Of the many things that I remember wanting as a young kid, but not among the few that I never obtained, living in Alaska was in the top two. Early in my military career and after garnering support from my wife in 2012, I re-enlisted in the US Army specifically for a duty station in Alaska. As I drove the Alaska Highway into Southcentral Alaska, I remember thinking “God help me if I ever take this for granted.” As any younger Service Member should, I had another list: achievements - all the peaks to climb, game to pursue, fish to catch…
The first place that I fished in Alaska was the Russian River; a world-famous salmon stream that flows into the Kenai River - an even more famous salmon river. I had never seen so many people lined up and casting their rods in synchronicity in pursuit of “Russian River Reds.” I sought a place for a more isolated location to fail but attempt to learn fishing techniques commonly used for Salmon in Alaska and failed for hours. Eventually, I failed enough to engage an older angler about his technique because I had observed him release no less than ten fish. He told me about weighing the line and distance from the hook – where to cast and where to retrieve. He also told me that he had been fishing that river for over 50 years to be as proficient as he seemed.
If you don't know, anglers love to talk - just not about their secret spots - another thing that I love about this specific outdoor community.Both banks of the Russian River are managed by the US Forest Service and the US Fish and Wildlife Service and both agencies do their best to maintain the land similarly to prevent confusion on land access.
This year, through the Alaska Chapter BHA and the Armed Forces Initiative I had the opportunity to participate in a bank erosion prevention project in collaboration with the US Forest Service and their Stream Watch Volunteer program. We placed barriers and fencing around sensitive sites along the most utilized portions of the river. Stream Watch focuses on protecting the habitat on the Kenai Peninsula for future generations of Anglers. Program managers showed our volunteer group photos of the river from the 1980s where the stream was widening considerably due to loose soils and heavy use.

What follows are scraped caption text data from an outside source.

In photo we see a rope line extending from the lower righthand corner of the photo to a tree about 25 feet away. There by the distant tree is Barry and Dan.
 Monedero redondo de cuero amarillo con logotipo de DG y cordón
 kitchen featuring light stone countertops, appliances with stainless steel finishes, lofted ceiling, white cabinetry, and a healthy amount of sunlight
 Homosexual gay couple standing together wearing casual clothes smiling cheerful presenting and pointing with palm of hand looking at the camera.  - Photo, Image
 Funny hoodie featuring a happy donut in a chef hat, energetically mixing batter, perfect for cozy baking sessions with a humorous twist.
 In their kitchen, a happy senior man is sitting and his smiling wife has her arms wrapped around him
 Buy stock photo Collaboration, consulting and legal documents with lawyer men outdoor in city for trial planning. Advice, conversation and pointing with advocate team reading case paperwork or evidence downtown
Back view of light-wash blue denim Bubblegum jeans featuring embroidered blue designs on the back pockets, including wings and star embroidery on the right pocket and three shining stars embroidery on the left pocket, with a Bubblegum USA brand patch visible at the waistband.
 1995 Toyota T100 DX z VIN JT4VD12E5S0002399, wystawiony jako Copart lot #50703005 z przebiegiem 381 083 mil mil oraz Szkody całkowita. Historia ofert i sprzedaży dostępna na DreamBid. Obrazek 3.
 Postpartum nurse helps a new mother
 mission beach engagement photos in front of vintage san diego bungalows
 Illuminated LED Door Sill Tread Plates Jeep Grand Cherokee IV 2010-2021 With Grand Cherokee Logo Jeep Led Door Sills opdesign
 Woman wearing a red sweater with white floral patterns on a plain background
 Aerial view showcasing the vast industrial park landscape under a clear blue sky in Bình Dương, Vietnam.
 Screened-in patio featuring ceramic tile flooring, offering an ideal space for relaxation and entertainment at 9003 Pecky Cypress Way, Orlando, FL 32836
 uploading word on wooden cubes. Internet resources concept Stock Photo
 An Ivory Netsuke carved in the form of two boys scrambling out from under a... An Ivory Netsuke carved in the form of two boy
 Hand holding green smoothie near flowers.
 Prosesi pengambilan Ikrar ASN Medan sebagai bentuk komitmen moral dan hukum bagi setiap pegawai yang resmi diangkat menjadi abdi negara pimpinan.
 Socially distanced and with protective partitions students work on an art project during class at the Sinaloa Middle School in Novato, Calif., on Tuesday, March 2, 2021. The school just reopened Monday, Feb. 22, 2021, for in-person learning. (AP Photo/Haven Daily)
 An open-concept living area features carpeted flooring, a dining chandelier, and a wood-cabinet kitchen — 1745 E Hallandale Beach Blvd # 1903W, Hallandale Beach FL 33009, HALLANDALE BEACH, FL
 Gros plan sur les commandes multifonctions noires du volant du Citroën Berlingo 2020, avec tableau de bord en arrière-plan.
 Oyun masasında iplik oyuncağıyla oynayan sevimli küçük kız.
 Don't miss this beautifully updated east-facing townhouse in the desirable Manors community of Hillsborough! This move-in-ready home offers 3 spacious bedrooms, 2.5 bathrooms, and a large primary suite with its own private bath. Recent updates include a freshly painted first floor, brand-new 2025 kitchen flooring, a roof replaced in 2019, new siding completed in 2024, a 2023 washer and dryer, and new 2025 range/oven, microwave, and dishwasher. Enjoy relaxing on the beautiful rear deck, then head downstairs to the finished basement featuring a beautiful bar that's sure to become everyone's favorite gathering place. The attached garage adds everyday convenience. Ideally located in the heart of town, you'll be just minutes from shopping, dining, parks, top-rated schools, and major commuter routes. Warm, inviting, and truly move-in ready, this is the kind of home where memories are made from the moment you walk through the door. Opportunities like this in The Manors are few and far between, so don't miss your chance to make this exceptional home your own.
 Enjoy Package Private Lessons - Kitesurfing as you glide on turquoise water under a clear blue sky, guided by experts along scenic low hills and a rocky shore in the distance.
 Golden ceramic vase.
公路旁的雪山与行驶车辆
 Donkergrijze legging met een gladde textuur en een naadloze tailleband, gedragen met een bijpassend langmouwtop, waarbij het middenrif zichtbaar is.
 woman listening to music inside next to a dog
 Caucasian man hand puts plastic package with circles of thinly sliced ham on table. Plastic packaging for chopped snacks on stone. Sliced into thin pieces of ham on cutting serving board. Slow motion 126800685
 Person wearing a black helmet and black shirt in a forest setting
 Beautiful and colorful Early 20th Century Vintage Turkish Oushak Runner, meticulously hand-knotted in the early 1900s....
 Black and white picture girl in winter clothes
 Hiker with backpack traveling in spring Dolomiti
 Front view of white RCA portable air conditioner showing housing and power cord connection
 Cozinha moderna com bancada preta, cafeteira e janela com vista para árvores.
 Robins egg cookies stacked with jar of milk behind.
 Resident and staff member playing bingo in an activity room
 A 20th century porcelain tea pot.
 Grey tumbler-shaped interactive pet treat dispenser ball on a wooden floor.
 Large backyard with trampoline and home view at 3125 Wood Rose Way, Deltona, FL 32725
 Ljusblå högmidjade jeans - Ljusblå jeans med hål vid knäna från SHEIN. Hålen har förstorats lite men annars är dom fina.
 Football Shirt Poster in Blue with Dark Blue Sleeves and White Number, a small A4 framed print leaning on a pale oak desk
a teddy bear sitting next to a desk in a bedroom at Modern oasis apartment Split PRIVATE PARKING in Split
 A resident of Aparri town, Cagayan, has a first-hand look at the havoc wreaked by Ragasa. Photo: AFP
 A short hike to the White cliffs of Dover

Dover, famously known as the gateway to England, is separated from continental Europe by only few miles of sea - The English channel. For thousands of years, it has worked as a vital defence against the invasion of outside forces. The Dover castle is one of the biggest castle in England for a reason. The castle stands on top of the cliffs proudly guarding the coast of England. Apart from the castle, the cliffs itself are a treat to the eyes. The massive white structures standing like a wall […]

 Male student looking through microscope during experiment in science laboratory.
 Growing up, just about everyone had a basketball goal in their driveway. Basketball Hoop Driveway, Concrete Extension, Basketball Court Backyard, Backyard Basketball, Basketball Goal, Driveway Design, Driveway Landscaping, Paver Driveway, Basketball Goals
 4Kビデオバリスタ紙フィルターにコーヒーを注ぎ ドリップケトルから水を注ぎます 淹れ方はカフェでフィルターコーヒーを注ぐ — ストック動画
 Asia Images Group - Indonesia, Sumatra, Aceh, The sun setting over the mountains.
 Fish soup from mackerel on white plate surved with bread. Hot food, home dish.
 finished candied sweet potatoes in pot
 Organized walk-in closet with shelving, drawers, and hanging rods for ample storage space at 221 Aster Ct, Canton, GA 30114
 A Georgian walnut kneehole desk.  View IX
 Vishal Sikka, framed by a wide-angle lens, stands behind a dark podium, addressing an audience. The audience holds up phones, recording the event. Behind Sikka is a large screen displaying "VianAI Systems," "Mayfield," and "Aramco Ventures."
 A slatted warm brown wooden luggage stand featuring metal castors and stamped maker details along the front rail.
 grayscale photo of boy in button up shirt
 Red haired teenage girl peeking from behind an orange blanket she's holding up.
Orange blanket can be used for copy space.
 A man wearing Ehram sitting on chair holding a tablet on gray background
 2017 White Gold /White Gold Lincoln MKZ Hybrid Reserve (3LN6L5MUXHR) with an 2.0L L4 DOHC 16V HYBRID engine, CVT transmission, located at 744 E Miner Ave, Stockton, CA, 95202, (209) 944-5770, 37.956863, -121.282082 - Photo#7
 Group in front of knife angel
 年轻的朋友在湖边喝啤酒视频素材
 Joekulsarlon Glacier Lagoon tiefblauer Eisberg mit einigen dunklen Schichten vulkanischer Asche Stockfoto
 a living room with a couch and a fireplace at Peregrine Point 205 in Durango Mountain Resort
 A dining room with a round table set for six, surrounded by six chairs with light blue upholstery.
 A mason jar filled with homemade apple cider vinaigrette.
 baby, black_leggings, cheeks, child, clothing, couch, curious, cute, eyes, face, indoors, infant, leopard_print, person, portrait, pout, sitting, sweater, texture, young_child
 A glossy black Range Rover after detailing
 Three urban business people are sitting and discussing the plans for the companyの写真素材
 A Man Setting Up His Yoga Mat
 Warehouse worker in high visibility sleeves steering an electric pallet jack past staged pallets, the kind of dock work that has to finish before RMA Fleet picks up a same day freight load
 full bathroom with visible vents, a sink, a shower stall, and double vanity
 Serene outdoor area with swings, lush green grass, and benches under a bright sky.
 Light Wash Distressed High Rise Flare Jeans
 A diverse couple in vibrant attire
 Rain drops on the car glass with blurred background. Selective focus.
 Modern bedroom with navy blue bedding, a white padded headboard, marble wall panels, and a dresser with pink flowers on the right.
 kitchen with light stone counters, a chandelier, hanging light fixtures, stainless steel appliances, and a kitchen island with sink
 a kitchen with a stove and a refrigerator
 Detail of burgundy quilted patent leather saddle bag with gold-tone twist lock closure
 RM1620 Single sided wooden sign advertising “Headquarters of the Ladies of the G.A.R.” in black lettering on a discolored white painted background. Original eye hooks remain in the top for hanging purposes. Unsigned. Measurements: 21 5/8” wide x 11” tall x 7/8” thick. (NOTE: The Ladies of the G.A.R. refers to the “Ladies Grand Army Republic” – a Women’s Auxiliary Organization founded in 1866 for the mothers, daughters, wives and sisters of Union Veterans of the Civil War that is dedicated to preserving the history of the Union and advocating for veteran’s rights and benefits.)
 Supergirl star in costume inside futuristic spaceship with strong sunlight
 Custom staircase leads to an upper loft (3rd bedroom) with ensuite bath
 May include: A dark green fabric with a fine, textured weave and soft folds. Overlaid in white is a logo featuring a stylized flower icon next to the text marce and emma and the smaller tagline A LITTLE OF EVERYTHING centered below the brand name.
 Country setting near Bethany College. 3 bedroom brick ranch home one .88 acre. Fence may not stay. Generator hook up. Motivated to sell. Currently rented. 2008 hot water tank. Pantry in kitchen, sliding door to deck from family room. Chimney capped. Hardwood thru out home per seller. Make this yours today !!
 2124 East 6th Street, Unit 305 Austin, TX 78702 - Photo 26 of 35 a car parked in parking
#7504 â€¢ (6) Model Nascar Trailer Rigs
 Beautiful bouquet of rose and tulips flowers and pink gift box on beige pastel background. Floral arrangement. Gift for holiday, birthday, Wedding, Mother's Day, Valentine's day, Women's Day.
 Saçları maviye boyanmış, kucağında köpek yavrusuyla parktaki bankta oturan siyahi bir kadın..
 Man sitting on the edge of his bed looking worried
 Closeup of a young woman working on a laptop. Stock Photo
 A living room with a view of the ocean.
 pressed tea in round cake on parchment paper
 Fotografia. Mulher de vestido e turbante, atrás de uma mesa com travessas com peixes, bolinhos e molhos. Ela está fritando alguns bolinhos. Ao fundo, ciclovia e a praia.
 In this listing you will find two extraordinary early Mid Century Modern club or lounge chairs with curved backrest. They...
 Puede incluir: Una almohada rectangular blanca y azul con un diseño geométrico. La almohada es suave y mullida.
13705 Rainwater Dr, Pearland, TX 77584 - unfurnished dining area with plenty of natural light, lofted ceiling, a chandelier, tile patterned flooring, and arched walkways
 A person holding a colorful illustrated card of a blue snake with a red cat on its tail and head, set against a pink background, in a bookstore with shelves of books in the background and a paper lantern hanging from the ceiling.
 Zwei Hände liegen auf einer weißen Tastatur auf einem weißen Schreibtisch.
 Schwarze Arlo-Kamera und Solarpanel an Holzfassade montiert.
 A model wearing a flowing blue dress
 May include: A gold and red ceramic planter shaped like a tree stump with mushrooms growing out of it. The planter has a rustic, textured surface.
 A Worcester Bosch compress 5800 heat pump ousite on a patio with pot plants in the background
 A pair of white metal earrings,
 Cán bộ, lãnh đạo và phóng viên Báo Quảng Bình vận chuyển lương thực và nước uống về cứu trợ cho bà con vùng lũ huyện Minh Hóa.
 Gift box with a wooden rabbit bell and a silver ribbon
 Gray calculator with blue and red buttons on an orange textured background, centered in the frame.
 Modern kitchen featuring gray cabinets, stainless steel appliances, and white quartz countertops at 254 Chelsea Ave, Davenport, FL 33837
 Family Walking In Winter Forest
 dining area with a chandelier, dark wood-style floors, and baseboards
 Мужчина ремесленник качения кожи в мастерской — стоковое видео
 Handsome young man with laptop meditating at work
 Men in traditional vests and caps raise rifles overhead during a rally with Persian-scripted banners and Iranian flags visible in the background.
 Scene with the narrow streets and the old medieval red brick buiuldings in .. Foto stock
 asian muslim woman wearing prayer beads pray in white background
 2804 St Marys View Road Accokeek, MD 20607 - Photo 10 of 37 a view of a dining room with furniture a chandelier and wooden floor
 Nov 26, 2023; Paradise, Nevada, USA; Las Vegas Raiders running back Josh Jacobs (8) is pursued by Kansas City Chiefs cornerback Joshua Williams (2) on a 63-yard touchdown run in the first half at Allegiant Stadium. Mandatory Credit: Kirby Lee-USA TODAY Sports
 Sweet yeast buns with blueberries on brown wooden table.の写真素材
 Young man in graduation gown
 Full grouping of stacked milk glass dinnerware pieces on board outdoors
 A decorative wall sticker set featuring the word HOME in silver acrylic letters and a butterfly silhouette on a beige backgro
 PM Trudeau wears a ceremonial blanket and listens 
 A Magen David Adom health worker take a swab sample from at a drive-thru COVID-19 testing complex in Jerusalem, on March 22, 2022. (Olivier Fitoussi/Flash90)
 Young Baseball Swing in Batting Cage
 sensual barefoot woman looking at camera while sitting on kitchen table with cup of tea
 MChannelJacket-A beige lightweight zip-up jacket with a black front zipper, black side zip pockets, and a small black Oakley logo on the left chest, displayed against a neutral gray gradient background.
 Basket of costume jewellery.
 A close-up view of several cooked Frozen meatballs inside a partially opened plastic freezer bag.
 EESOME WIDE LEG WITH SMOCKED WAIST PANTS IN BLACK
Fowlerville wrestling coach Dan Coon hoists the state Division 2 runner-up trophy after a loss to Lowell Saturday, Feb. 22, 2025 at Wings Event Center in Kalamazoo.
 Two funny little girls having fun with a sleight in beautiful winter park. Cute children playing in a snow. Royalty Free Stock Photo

Widening streams result in higher water temperatures, more predation, and a much more inhospitable salmon spawn and growth environment for salmon; ultimately failed salmon runs. There was little vegetation along bank paths - just mud pits.
Today, those muddy pits from the 1980s are full of trees, flora, and fauna with a well-maintained path, fencing, and signage to encourage overwhelming compliance. The Russian River has undergone a truly incredible recovery, and I consider myself privileged and blessed to participate in the project and see all that goes into maintaining this aspect of our public lands.
This year, my tenth year in Alaska, I introduced my three Alaskan children to this tributary. I showed them the fencing that our group placed and reinforced conservation principles of why we should use trails to not damage vegetation older than they are – from the alpine to the valleys. My children met an incredible run of Salmon (and even caught one or two) that did not seem to have an end - and possibly the most fish that I have ever seen. I can seldom match the joy that I receive from watching my family do the things that I love most in a managed, but still very wild place. I would like to thank the US Forest Service for taking on the risk of partnering with a new organization for this project and extend those thanks to other organizations who continue to participate or manage in these projects to keep our wild places wild for future generations to enjoy. -Marc Duval AFI Alaska, South Central AK.